---------- Data listing

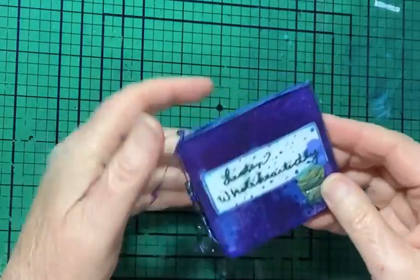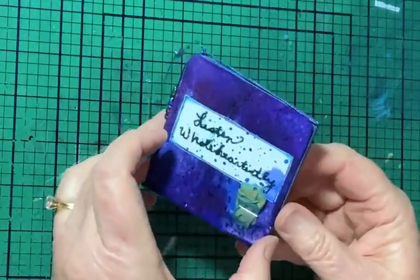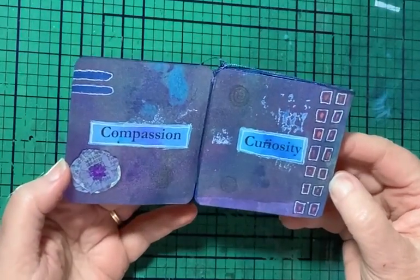It's stitched. Here's some little beads, a little flower on the front. It's all out of one sheet of paper.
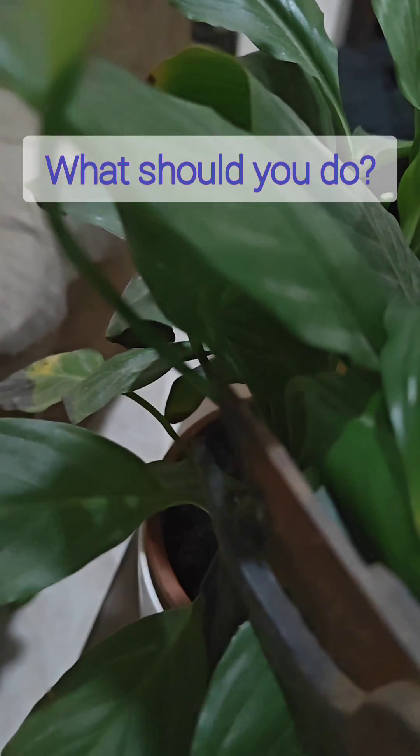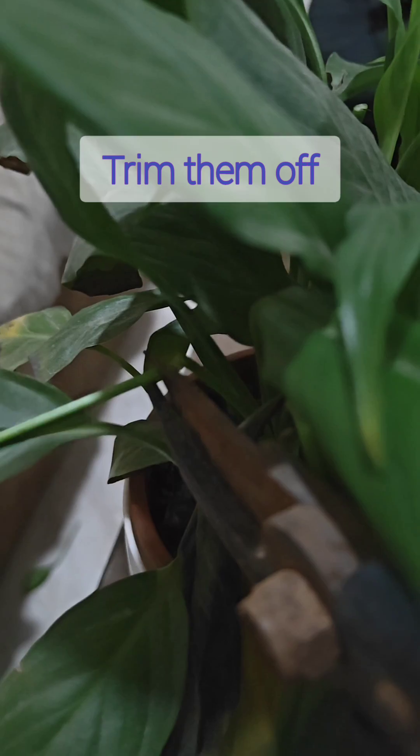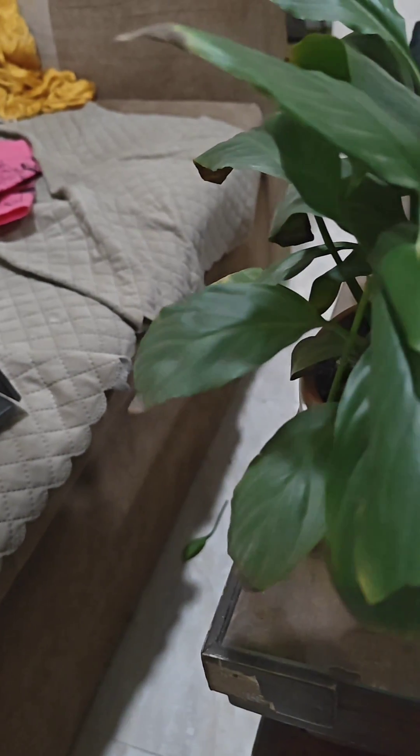So what should you do if your peace lily's flowers turn green? It's actually beneficial to trim them off. Trimming those green flowers encourages the plant to produce new blooms, keeping your peace lily looking fresh and vibrant.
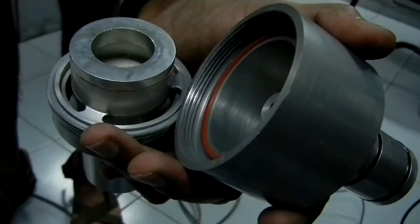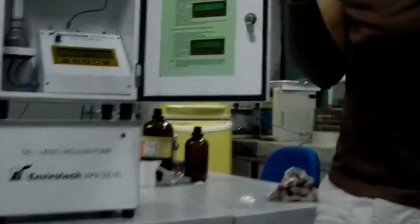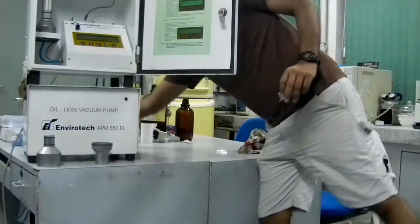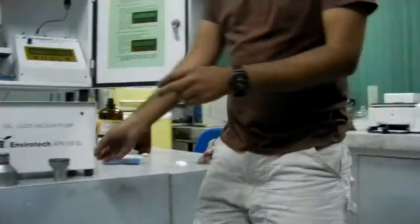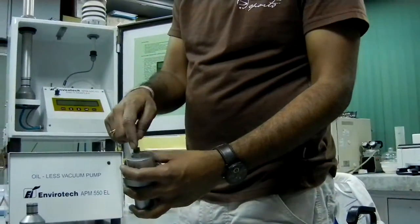The gas containing particles less than 2.5 microns will pass through and exit from this portion, getting collected on the filter paper. We need to change this 37mm filter every time we do sampling. Let me show you how to change the filter paper.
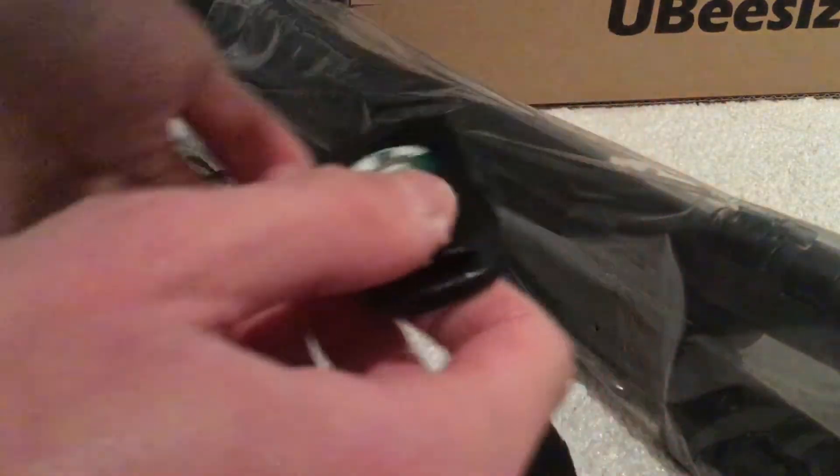And here's the remote control. And here's the battery. And here's some instructions right here.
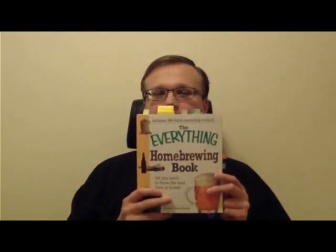Hi guys, Jacob here. Today I wanted to share my brewing book collection with you. I've got quite a few interesting books. One of them is 'The Everything Home Brewing Book,' which includes 100 recipes. This book is especially good because it pretty much describes every type of beer, every type of malt, flavor impacts of water, and you can add spirits to add a kick to the beer, as well as covering the chill, the pitch, and the fermentation.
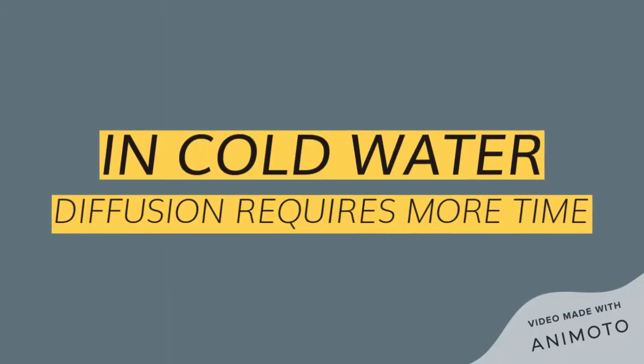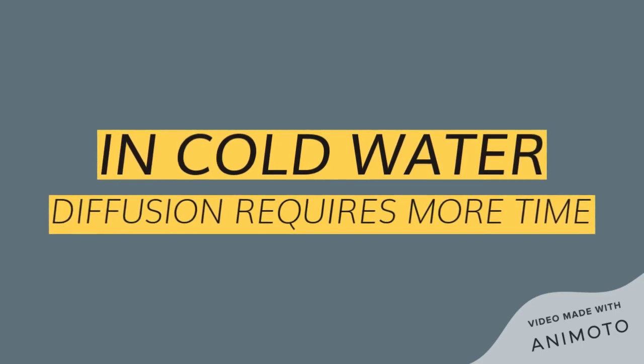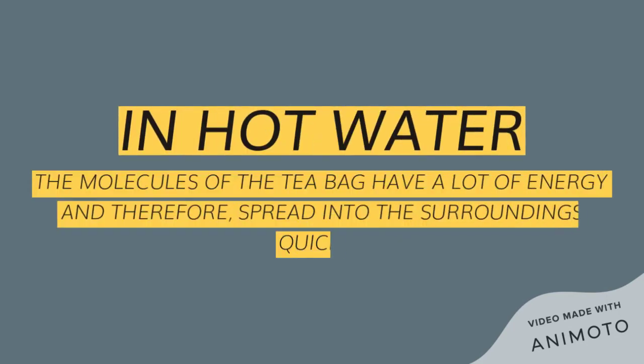Hence, the color of tea diffuses into the warm water when a tea bag is dipped into it. In the cold water, the molecules of the tea don't have as much energy and therefore don't move as fast. It takes them a long time to spread evenly through water.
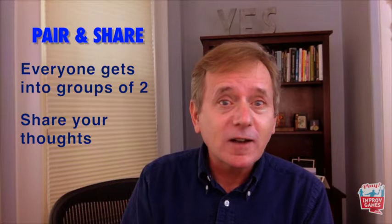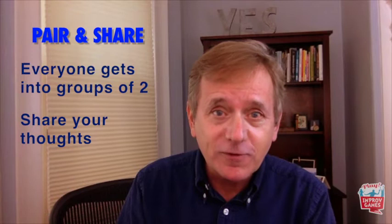Now here's my Zoom tip for you. For workshops and meetings it's useful to have participants talk in small groups to discuss a topic or recent activity. For my live programs I use a structure called pair and share — everyone gets into groups of two and for just a couple of minutes they share their thoughts. It's a simple way to get everyone's voice in the room. Hey, even introverts prefer this to speaking up in a large group.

--------------------

All of the data is to be returned exactly, with no pictures included.

It's stitched. Here's some little beads, a little flower on the front. It's all out of one sheet of paper.
So what should you do if your peace lily's flowers turn green? It's actually beneficial to trim them off. Trimming those green flowers encourages the plant to produce new blooms, keeping your peace lily looking fresh and vibrant.
The gas containing particles less than 2.5 microns will pass through and exit from this portion, getting collected on the filter paper. We need to change this 37mm filter every time we do sampling. Let me show you how to change the filter paper.
And here's the remote control. And here's the battery. And here's some instructions right here.
Hi guys, Jacob here. Today I wanted to share my brewing book collection with you. I've got quite a few interesting books. One of them is 'The Everything Home Brewing Book,' which includes 100 recipes. This book is especially good because it pretty much describes every type of beer, every type of malt, flavor impacts of water, and you can add spirits to add a kick to the beer, as well as covering the chill, the pitch, and the fermentation.
Hence, the color of tea diffuses into the warm water when a tea bag is dipped into it. In the cold water, the molecules of the tea don't have as much energy and therefore don't move as fast. It takes them a long time to spread evenly through water.
Now here's my Zoom tip for you. For workshops and meetings it's useful to have participants talk in small groups to discuss a topic or recent activity. For my live programs I use a structure called pair and share — everyone gets into groups of two and for just a couple of minutes they share their thoughts. It's a simple way to get everyone's voice in the room. Hey, even introverts prefer this to speaking up in a large group.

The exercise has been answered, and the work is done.